Exercise details
Retype exactly the lines of the material below, from the one containing "казачья: Традиционный казахский" through the last, with both ends kept.

Given material
::::::::::

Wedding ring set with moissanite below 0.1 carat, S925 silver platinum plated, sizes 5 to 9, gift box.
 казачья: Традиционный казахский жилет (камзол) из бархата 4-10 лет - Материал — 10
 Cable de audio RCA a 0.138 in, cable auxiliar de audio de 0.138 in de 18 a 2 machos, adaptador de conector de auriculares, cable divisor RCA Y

::::::::::

Response area
 казачья: Традиционный казахский жилет (камзол) из бархата 4-10 лет - Материал — 10
 Cable de audio RCA a 0.138 in, cable auxiliar de audio de 0.138 in de 18 a 2 machos, adaptador de conector de auriculares, cable divisor RCA Y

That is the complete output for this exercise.